Nishnawbe Aski Nation joined the CHRT case in 2016, bringing attention to the unique challenges related to remoteness and how best to address them. Remote communities within Nishnawbe Aski Nation territory, and across the country, continue to face structural discrimination and a lack of access to services.
The Phase II of the Remoteness Quotient (RQ) Final Report was prepared by Barnes Management Group on behalf of NAN and filed with the CHRT in 2019. This groundbreaking work represents an important step toward addressing the discrimination and unique challenges faced by remote First Nations communities due to their remoteness. A key question examined in the report is to understand how much funding is needed to provide the same level of child and family services in remote communities as is provided in non-remote communities. Such a calculation must be made in strong partnership with the people and communities experiencing remoteness.
The Phase II RQ Report provides an evidence-based method of indexing costs to account for remoteness that can be applied to funding for child and family services to provide the same level of service in remote communities as found in non-remote communities. It also highlights the importance of how community factors, such as housing, food security, and employment affect the well-being of children and families and the need for services.
By providing strong evidence of the impact of remoteness, the Phase II RQ Report has contributed to quantitative measures of remoteness, which could inform funding and address the discrimination faced by remote First Nation communities.

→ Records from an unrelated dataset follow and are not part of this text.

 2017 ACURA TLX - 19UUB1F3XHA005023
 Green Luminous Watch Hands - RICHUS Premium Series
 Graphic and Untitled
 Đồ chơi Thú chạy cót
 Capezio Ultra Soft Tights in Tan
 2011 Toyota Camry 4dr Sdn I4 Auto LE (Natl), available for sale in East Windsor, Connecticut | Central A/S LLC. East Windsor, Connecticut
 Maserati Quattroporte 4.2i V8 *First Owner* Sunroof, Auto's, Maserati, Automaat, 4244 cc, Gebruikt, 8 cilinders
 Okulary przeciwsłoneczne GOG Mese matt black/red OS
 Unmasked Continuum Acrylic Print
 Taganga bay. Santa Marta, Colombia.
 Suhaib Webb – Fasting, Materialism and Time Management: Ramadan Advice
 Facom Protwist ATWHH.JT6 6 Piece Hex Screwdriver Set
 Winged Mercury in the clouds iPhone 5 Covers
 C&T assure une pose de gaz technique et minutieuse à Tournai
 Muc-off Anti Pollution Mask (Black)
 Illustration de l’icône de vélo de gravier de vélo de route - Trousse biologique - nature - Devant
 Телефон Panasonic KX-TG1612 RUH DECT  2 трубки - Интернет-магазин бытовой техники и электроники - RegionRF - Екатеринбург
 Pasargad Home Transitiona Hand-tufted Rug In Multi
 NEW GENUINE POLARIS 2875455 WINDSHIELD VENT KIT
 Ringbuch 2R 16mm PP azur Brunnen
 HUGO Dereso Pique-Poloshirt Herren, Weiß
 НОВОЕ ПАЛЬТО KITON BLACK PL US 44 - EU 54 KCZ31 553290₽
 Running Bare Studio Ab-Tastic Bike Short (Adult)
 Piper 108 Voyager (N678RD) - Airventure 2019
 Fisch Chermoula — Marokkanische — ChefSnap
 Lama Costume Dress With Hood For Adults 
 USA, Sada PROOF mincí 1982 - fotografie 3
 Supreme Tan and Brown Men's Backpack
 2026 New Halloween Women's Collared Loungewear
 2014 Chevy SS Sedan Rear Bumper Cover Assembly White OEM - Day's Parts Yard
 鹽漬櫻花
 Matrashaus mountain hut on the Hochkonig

Information in the Phase II RQ Report:
- provides strong evidence that remoteness affects costs of providing child welfare services, requiring significant increases in funding relative to non-remote communities;
- highlights how the challenges faced by First Nations are magnified in remote areas, and the level of funding provided by governments has been and continues to be disproportionately low relative to the needs of these communities;
- shows how NAN communities continue to face systemic barriers that contribute to the increased need for child welfare services in NAN communities compared to non-remote First Nation communities; and
- indicates that further research is needed to better understand the additional costs associated with remoteness.